**Your instructions:** At the line that holds "CRA 3 # 3-68", start repeating, and keep going exactly through the final line of the material; include both ends and skip the pictures.

**The data:**
====
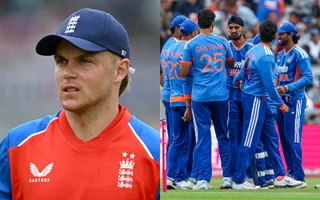 ENG vs IND 2026: 3rd T20I Match Preview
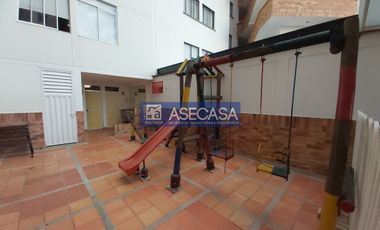 CRA 3 # 3-68 T1 APTO 1003 PORTAL SIERRA FLORIDA FLORIDABLANCA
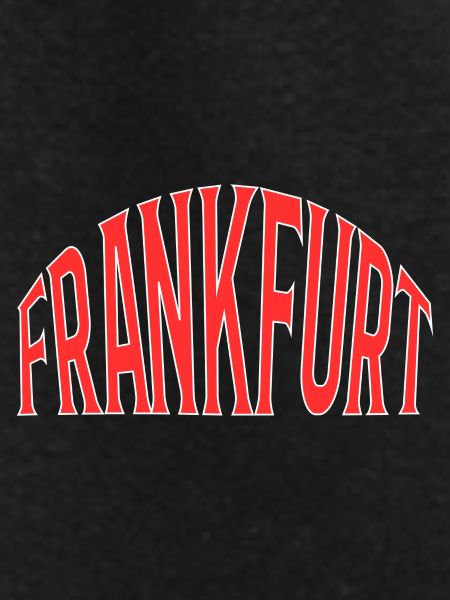 Frankfurt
====
**Exercise solution:**
 CRA 3 # 3-68 T1 APTO 1003 PORTAL SIERRA FLORIDA FLORIDABLANCA
 Frankfurt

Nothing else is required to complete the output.